• _DESCRIPTION OF THE TASK_
What should you transcribe? Every line from the top of the records below through the line with "XTELARY Carica automatica", exactly, and no pictures.

Short descriptive text snippets
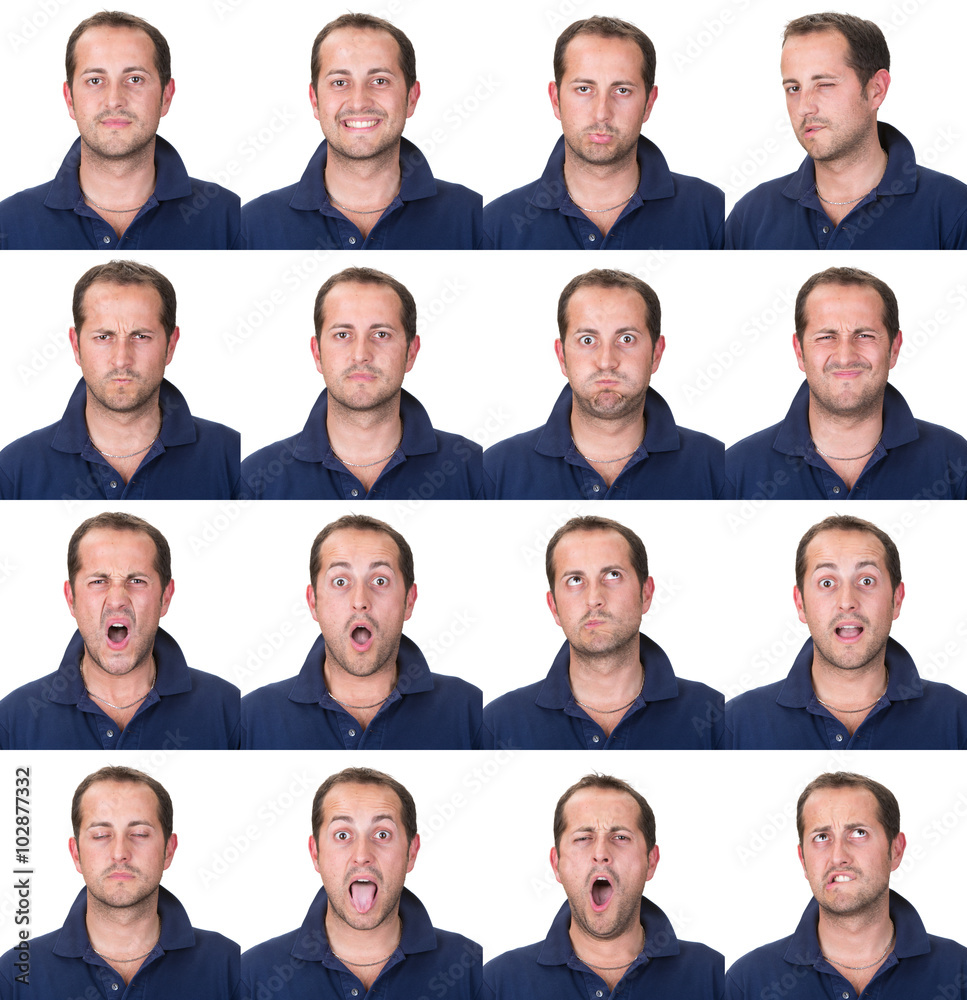 Fototapeta premium short hair brunette adult casual caucasian man collection set of face expression like happy, sad, angry, surprise, yawn isolated on white
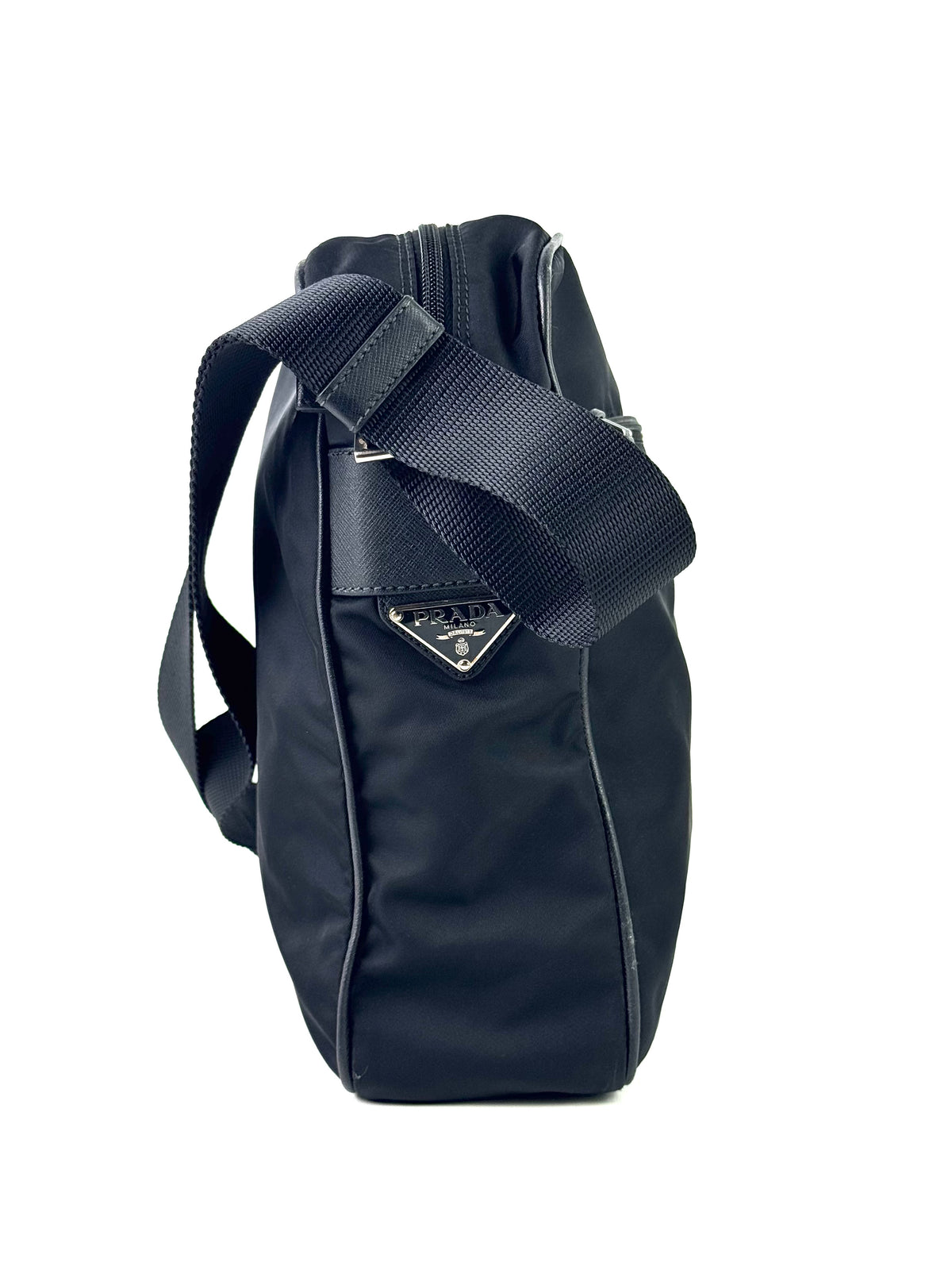 Prada Triangle Logo Nylon Black Messenger Bag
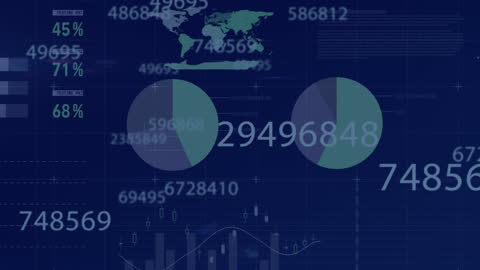 Financial Data Animation Over Blue Digital Background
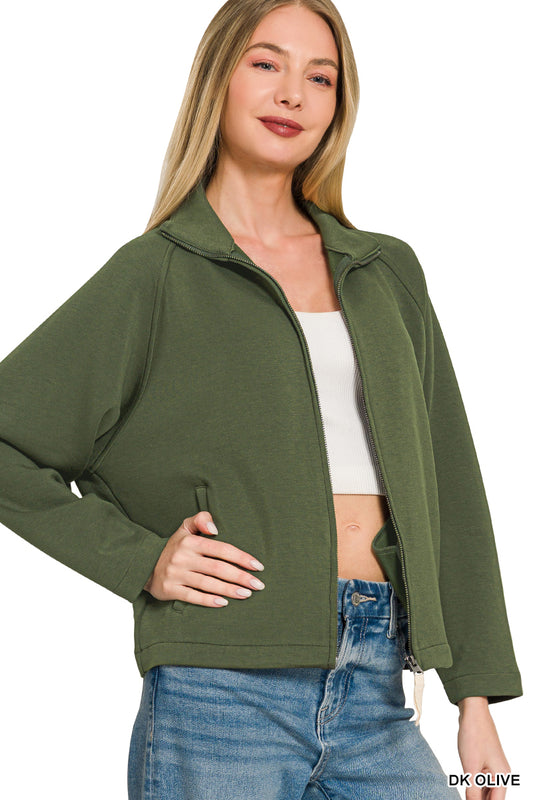 Dark Olive Scuba Pleat Back Full Zip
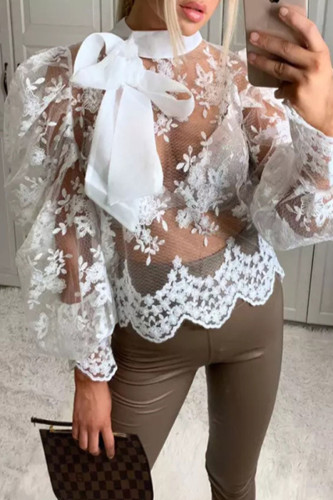 White Sexy Embroidered Patchwork See-through With Bow O Neck Tops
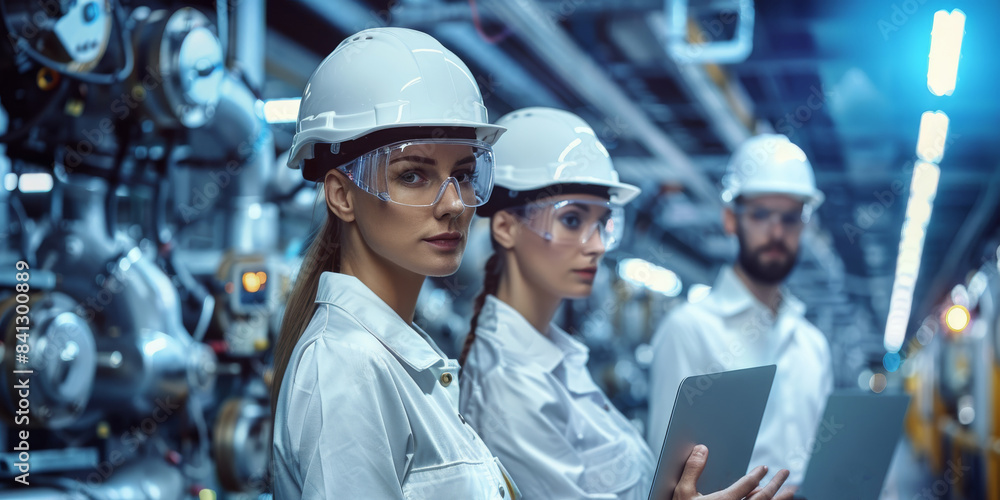 Aufkleber two industrial engineers in hard hats talk about a new project while using a laptop. they work at a 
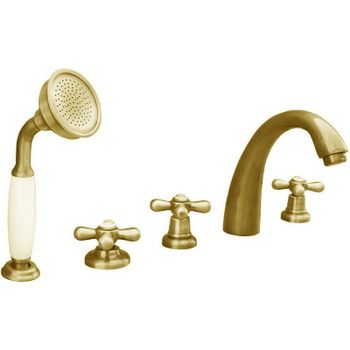 Смеситель на борт ванны Rav Slezak Morava MK176.5PZ Золото — фото 1, Смесители на борт ванны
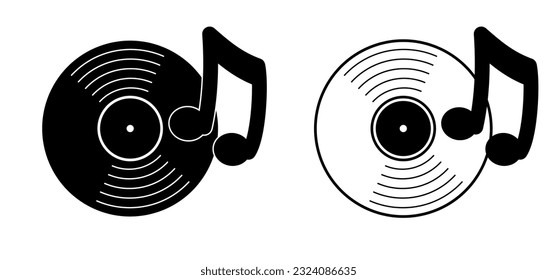 Cartoon vinyl or lp icon symbol. dj symbol. retro vinyl record album. Old music plate doodle. Phonograph, audio disk for turntable. Music player, analog music recording. Gramophone label and badge.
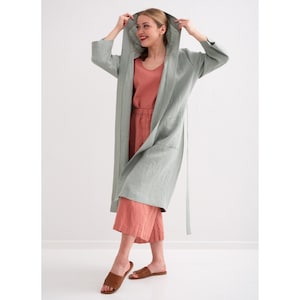 Linen Robe, Linen Bath Robe, Soft Linen Lounge Wear, Linen SPA Robe, Hooded Linen Robe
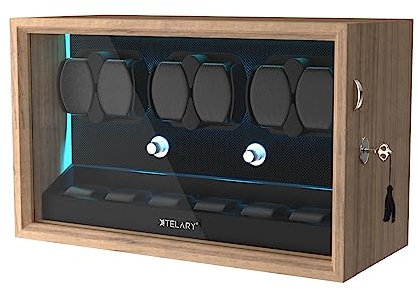 XTELARY Carica automatica per orologi 6 con vano portaoggetti flessibile 6 e cassetto portaoggetti per gioielli, illuminazione LED integrata, colore legno, Caricaorologi per 6 Orologio, Wood Color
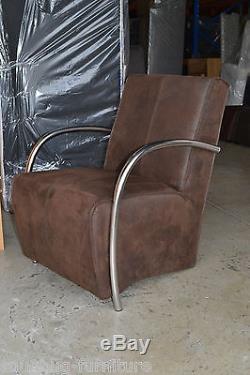 Sydney Armchair, Chair, Brown Suede Leather, Home Office, RRP £1200, New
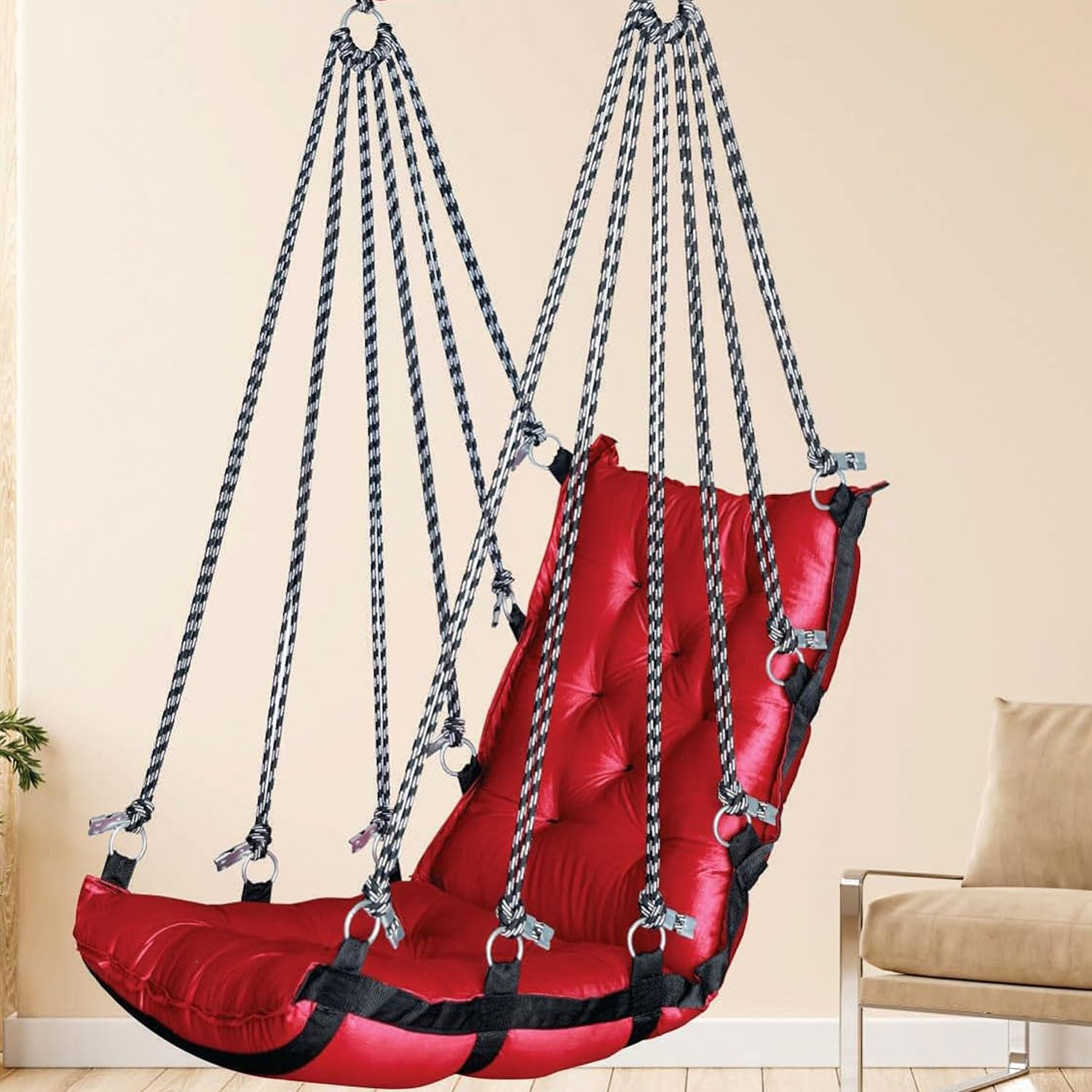 JULJULIA Swing for Balcony Comfortable Cotton Swing Relaxing Jhula for Adults for Home Indoor Outdoor Hanging Seat for Apartment Patio Terrace Garden- 200 kg Weight Capacity - Plain Low RED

• _TASK RESULT_
 Fototapeta premium short hair brunette adult casual caucasian man collection set of face expression like happy, sad, angry, surprise, yawn isolated on white
 Prada Triangle Logo Nylon Black Messenger Bag
 Financial Data Animation Over Blue Digital Background
 Dark Olive Scuba Pleat Back Full Zip
 White Sexy Embroidered Patchwork See-through With Bow O Neck Tops
 Aufkleber two industrial engineers in hard hats talk about a new project while using a laptop. they work at a 
 Смеситель на борт ванны Rav Slezak Morava MK176.5PZ Золото — фото 1, Смесители на борт ванны
 Cartoon vinyl or lp icon symbol. dj symbol. retro vinyl record album. Old music plate doodle. Phonograph, audio disk for turntable. Music player, analog music recording. Gramophone label and badge.
 Linen Robe, Linen Bath Robe, Soft Linen Lounge Wear, Linen SPA Robe, Hooded Linen Robe
 XTELARY Carica automatica per orologi 6 con vano portaoggetti flessibile 6 e cassetto portaoggetti per gioielli, illuminazione LED integrata, colore legno, Caricaorologi per 6 Orologio, Wood Color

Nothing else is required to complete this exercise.